Anonymous Coward | more than 2 years ago | (#38766152)

dude,

The earths mantle is what is absorbing the heat as the water is pumped down from the computer deep underground, as it returns back up to the computer the earths mass, far enough removed from the sun and not close enough to the earths core to be above 50 something degrees, cools the water. geothermal cooling/heating, depending on what temerature the liquid is you are cycling.
come on guys, this is basic stuff, I expect to see these types of comments on TMZ.com or please somewhere other than this site!

eric w

Geothermal heat pumps (5, Insightful)

Solandri (704621) | more than 2 years ago | (#38746196)

When I investigated a bunch of energy-saving options for a building I was managing, geothermal heat pumps [wikipedia.org] were by far the most cost effective (not to be confused with geothermal energy). For our building, its payback time would have been 3-5 years. There are no fancy materials, no high-tech equipment involved. Just a bunch of buried/sunken plastic tubes with water flowing through them. The ancient Romans used a variant of it [i4at.org] to air condition their homes.

Essentially they're the same thing as a window heat exchanger/air conditioner, except instead of using the ambient air as the heat dump, they use the ground or groundwater/pond. This provides a much steeper and more favorable temperature gradient in both winter and summer, allowing the heat exchanger to operate much more efficiently. Whereas air is about 90 F in summer, the ground is about 55 F making it much easier to pump heat into the ground. In winter the air is about 30 F, while the ground is still about 55 F, making it much easier to pump heat out of the ground. (Below about 40-50 F, most heat exchangers just shut off and run a heating coil, because it's so inefficient trying to extract heat from air that cold.)

They're an easy energy-saving measure which quickly pays for itself. I'm surprised more new building construction doesn't incorporate it. Makes sense for cooling computers, motors, etc. too if you've already got the infrastructure in place for your home or building.

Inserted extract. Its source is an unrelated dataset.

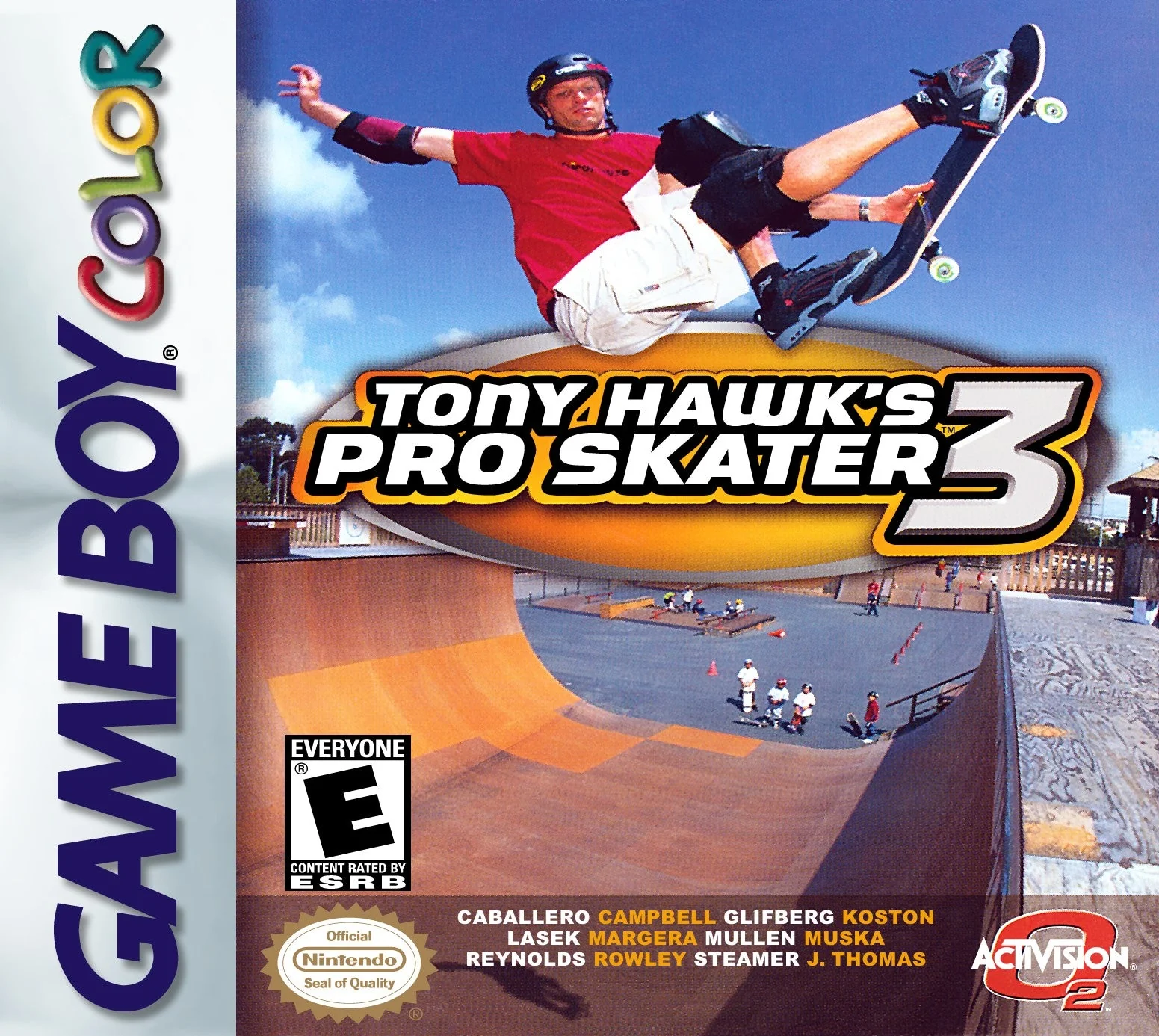 Tony Hawk's Pro Skater 3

Re:Geothermal heat pumps (3, Funny)

ciderbrew (1860166) | more than 2 years ago | (#38746314)

I'd start up an Evil company and lower the water table. I'll not pump that water back unless you pay me .. One Millions Dollers. Mwaahaha aa Mwwhaahaa haaaa.

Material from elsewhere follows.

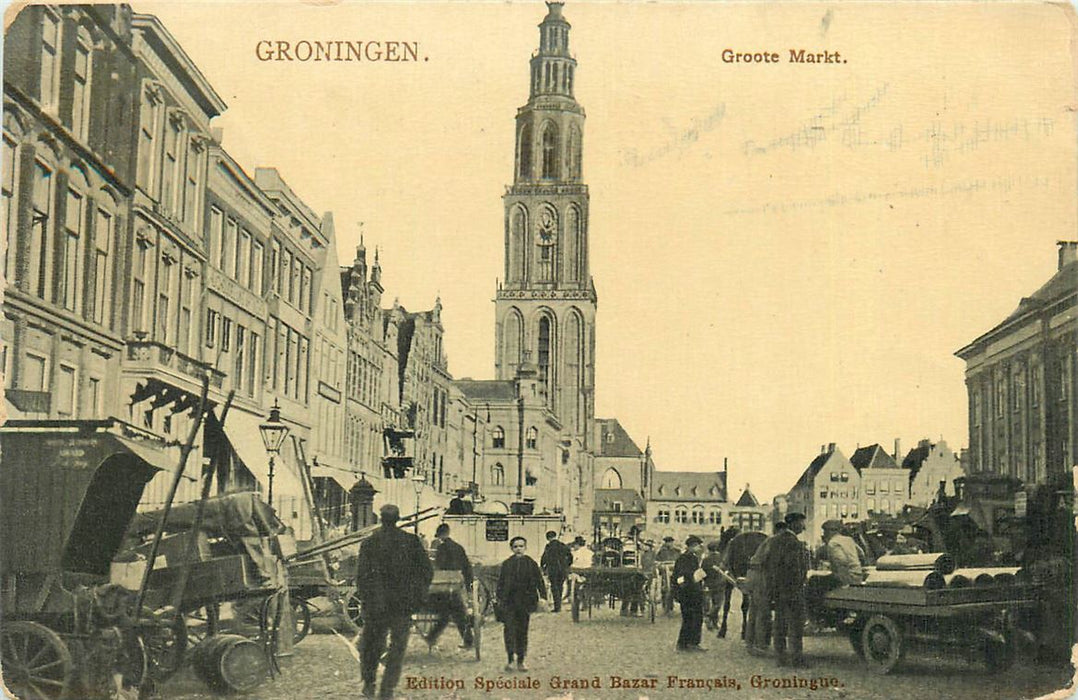 Groningen Groote Markt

Re:Geothermal heat pumps (0)

Anonymous Coward | more than 2 years ago | (#38746508)

I'd start up an Evil company and lower the water table.

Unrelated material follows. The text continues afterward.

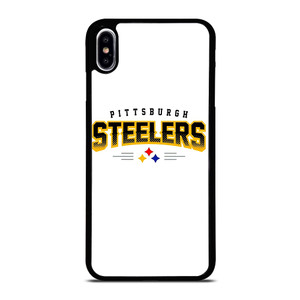 PITTSBURGH STEELERS FOOTBALL LOGO TEAM EMBLEM iPhone XS Max Case Cover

But they use ground water, not table water! :-)

Captcha: buttered

Re:Geothermal heat pumps (4, Interesting)

JoeMerchant (803320) | more than 2 years ago | (#38747060)

It's already been done, price was $9M:

http://www.edwardsaquifer.net/pucek.html [edwardsaquifer.net]

Re:Geothermal heat pumps (1)

ciderbrew (1860166) | more than 2 years ago | (#38747224)

+1 Informative and funny.

Re:Geothermal heat pumps (1)

Noren (605012) | more than 2 years ago | (#38747590)

Here's an aerial photo [pnl.gov] of the lab at the top of this flier. The blue in the upper right of the picture is the Columbia River [wikipedia.org] . If you can drain all the groundwater from this particular site then I think you would have better things to do than shutting down a supercomputer. Where would you put several thousand cubic meters of water per second?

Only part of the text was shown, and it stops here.